Exercise brief: Reproduce the entries below, please. Keep every character the same.

Record extracts:
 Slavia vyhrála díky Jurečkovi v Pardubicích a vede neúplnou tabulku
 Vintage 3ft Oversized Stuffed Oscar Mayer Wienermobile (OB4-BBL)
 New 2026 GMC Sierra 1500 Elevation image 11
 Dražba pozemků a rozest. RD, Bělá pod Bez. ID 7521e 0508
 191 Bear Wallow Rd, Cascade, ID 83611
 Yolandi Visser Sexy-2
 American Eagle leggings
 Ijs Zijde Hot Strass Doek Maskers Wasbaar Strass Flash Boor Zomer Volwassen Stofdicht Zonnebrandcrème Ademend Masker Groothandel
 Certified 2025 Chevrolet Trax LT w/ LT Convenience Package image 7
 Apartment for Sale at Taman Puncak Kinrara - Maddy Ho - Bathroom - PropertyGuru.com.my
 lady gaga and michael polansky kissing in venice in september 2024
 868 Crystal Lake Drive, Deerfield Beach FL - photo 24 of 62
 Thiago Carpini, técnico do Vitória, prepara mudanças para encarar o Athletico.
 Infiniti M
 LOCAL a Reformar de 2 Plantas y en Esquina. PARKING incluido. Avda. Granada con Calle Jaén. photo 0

Response area:
 Slavia vyhrála díky Jurečkovi v Pardubicích a vede neúplnou tabulku
 Vintage 3ft Oversized Stuffed Oscar Mayer Wienermobile (OB4-BBL)
 New 2026 GMC Sierra 1500 Elevation image 11
 Dražba pozemků a rozest. RD, Bělá pod Bez. ID 7521e 0508
 191 Bear Wallow Rd, Cascade, ID 83611
 Yolandi Visser Sexy-2
 American Eagle leggings
 Ijs Zijde Hot Strass Doek Maskers Wasbaar Strass Flash Boor Zomer Volwassen Stofdicht Zonnebrandcrème Ademend Masker Groothandel
 Certified 2025 Chevrolet Trax LT w/ LT Convenience Package image 7
 Apartment for Sale at Taman Puncak Kinrara - Maddy Ho - Bathroom - PropertyGuru.com.my
 lady gaga and michael polansky kissing in venice in september 2024
 868 Crystal Lake Drive, Deerfield Beach FL - photo 24 of 62
 Thiago Carpini, técnico do Vitória, prepara mudanças para encarar o Athletico.
 Infiniti M
 LOCAL a Reformar de 2 Plantas y en Esquina. PARKING incluido. Avda. Granada con Calle Jaén. photo 0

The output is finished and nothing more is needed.